— Тут нет никакой сенсации, — рассердился Вишневский. — У нас десятки тысяч семей с первого дня войны пошли на фронт и воюют с фашизмом. Мы будем драться до полной победы, пока не придем в Берлин и не поставим на колени фашистскую Германию…
В этих словах не было и тени рисовки: да, они именно так понимали свой долг. 1 ноября 1944 года, накануне отъезда в Москву, Всеволод Витальевич с чистым сердцем записал в дневнике: «Завтра я покидаю Ленинград после сорока месяцев и десяти суток, отданных ему — родному — безраздельно!»
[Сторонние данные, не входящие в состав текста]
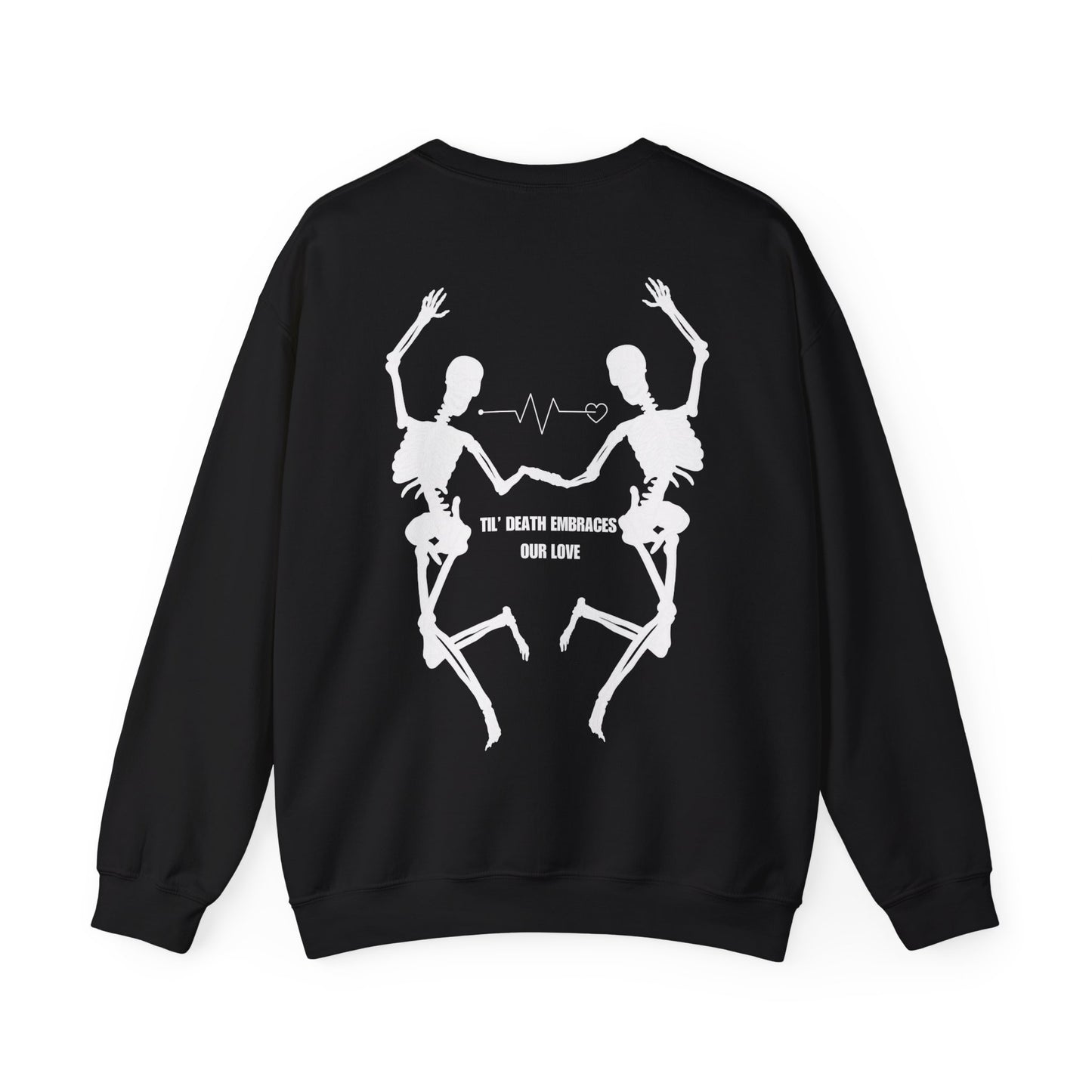 Til' Love Embraces Our Love Unisex Crewneck Sweatshirt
Морозным февральским утром к дому 17/19 по Лаврушинскому переулку подкатил новенький «виллис», на тесной платформе которого был оборудован фанерный кузов. Всеволод Витальевич подошел к машине, по-хозяйски постучал ладонью по кузову и, видимо, остался доволен его прочностью. Быстро простился с Софьей Касьяновной и хотел было усесться рядом с журналистом-правдистом, капитаном первого ранга Иваном Золиным и фотокорреспондентом Яковом Рюмкиным.
Но тут вдруг услышал:
— Всеволод Витальевич, куда это вы так снарядились? — громко спросил вышедший на прогулку Сергей Николаевич Сергеев-Ценский. Его, наверное, удивил необычный вид Вишневского: в кожаном реглане на меху, на ремне маузер (с ним он не расставался всю войну), матросские брюки запрятаны в голенища простых солдатских сапог, в руке видавший виды, потертый портфель.
— На фронт.
— Куда? — переспросил Сергеев-Ценский.
— На Берлин!
— На этой машине?
— А что, разве она плоха и вызывает подозрения?!
— Ну, счастливого пути. Возвращайтесь с победой! — Сергеев-Ценский по-отечески простился с теми, кто отсюда, от самого центра Москвы, открывал счет километрам, которые суждено совершить по фронтовым дорогам, под огнем врага.
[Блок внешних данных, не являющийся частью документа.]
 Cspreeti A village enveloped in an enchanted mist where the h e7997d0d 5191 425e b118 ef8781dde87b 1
Состояние духа высокое, чистое. Вишневский безмерно радуется тому, что просьба командировать его в действующую армию (а он высказал ее сразу, как только речь зашла о переводе в Москву, в «Знамя») наконец-то удовлетворена. Ему вспомнилось напутствие главного редактора «Правды» Петра Николаевича Поспелова: надо осветить последние этапы великой войны как можно глубже, всесторонне. И еще — слова о том, что он, Вишневский, отлично поработал в Ленинграде и сейчас от него ждут не меньшей отдачи…
Позже, в мае, писатель скажет об этих нескольких походных месяцах возвышенно, торжественно: «Судьба дала мне счастливый жребий: после ряда походов быть при последних операциях по разгрому Германии».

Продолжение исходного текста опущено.